\section{Introduction}
\label{sec:intro}
In safety-critical machine learning applications, accurately quantifying confidence and uncertainty in decision outcomes becomes imperative for regulatory and trust reasons \citep{uncertaintyinhc, disentanglinguncertainties}.  Uncertainties that such systems face can stem from limited data availability (epistemic) or originate from inherent environmental randomness (aleatoric). Uncertainty quantification is particularly relevant and challenging in reinforcement learning (RL) systems as uncertainty in decisions' outcomes compounds in sequential decision-making.
%The task of disentangling these uncertainties gains importance in real-world scenarios that are either discrete state in nature or arise where continuous environmental variables are clustered into a finite number of discrete states \citep{aiclinician, discretisation}. In such cases, a coarse representation of the environment can introduce aleatoric uncertainty due to information lost in compressing an environment into a finite number of states.


We utilise inference schemes from classic Bayesian RL to account for epistemic uncertainty, with an exact-inference Bayesian dynamics model that assigns posterior probabilities to environments \cite{bamdp}.
Aleatoric uncertainty is addressed by exploiting the analytic solutions to the linear equations for higher return distribution moments \citep{sobel}.
Our contribution on the uncertainty quantification side is combining these two ingredients to determine overall aleatoric and epistemic standard deviations.
We consider the computation and accuracy tradeoff of our method with prior work that does not exploit the tractability of finite-state MDPs.
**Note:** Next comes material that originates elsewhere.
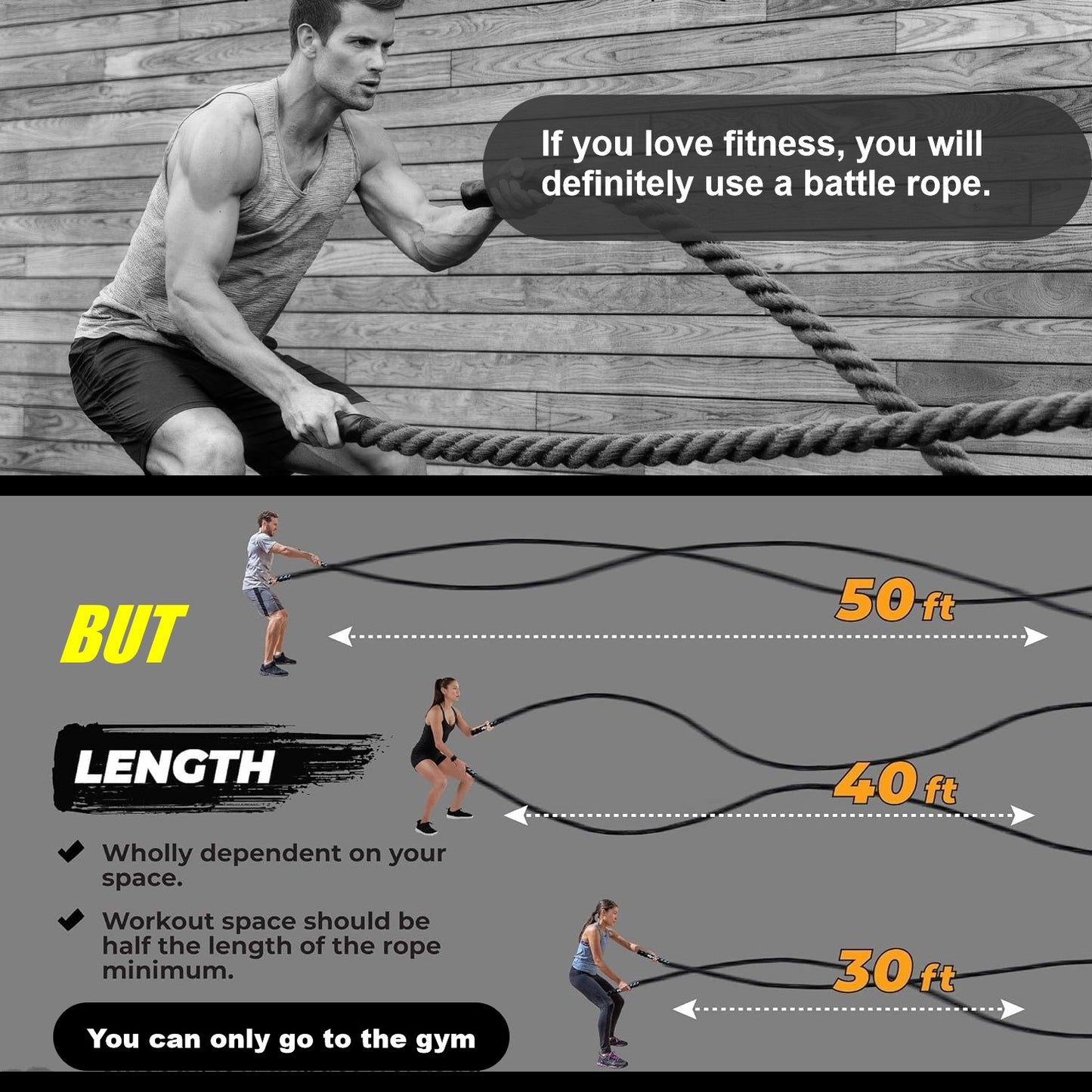 Heavy duty battle rope with anchor point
On the control under uncertainty side, we propose a novel stochastic gradient-based method for policy optimisation that accounts for model dynamics uncertainty by optimising a policy for value under the environment posterior.
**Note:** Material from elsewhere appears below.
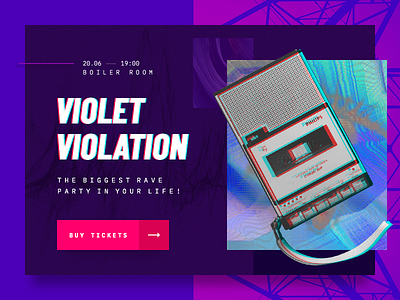 Violet Violation color event glitch music party promo promotion rave ui website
In contrast to previous methods \citep{robustmdppercentile}, we do not rely on strong assumptions about the posterior distribution.
We empirically demonstrate its performance and scalability, providing results on gridworlds and synthetic MDPs with varying offline dataset sizes, where we observe benefits in MDPs with higher uncertainty and lower data.
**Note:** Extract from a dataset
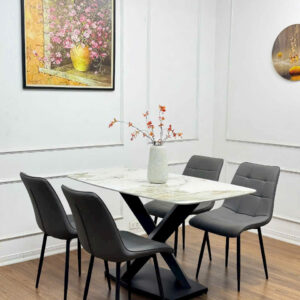 Alternative view of BỘ BÀN ĂN MẶT ĐÁ 4 GHẾ NHẬP KHẨU VN0161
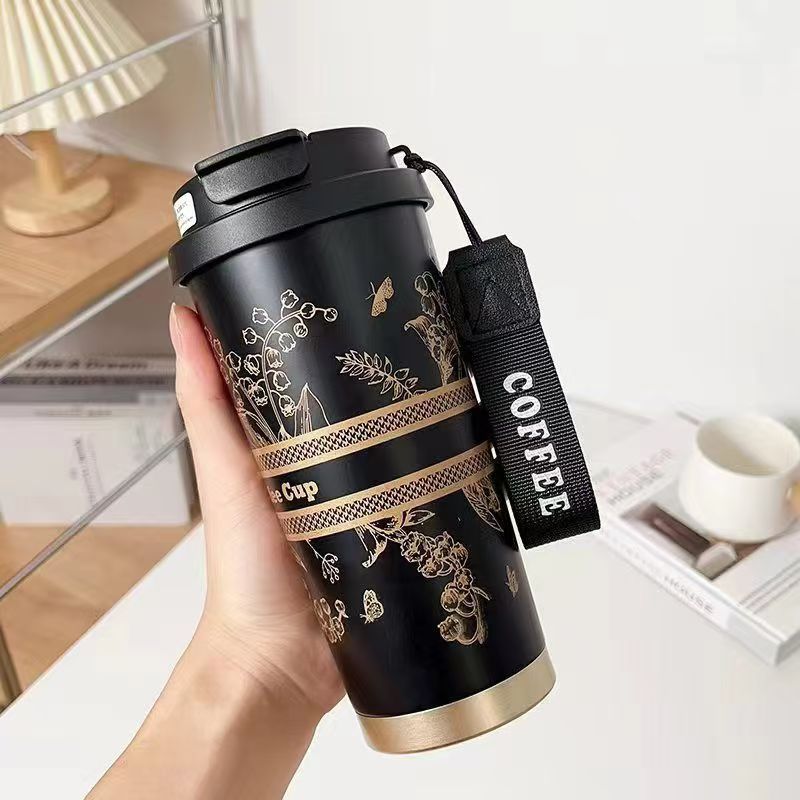 Taza de café multicolor de venta caliente Taza de aislamiento térmico de acero inoxidable portátil para salir taza de agua de paja nueva taza de bebida directa de alto valor nominal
Finally, our methods finds application in clinical decision support systems (CDSS), which leverage vast patient datasets to train RL algorithms for treatment suggestions \citep{guidelinesforrl, luchen}. We analyse a setup used for sepsis treatment \citep{aiclinician}, where patients' condition and treatment options were clustered into finite states and actions, originally tackled by applying dynamic programming methods that assume known environments \citep{bellman1957}.
The methods presented enhance this approach with uncertainty quantification and uncertainty-aware control.
We investigate the scalability of our methods in such practical environments and investigate the difference in expected posterior value between ours and the original policy optimisation method proposed.
For this analysis, we included pessimism in the face of uncertainty, a common and necessary ingredient in offline RL \citep{morel, mopo, diversifiedqensemble} especially when the dataset does not adequately span the full state-action space \citep{optimistic}, in the form of a conservative dynamics model.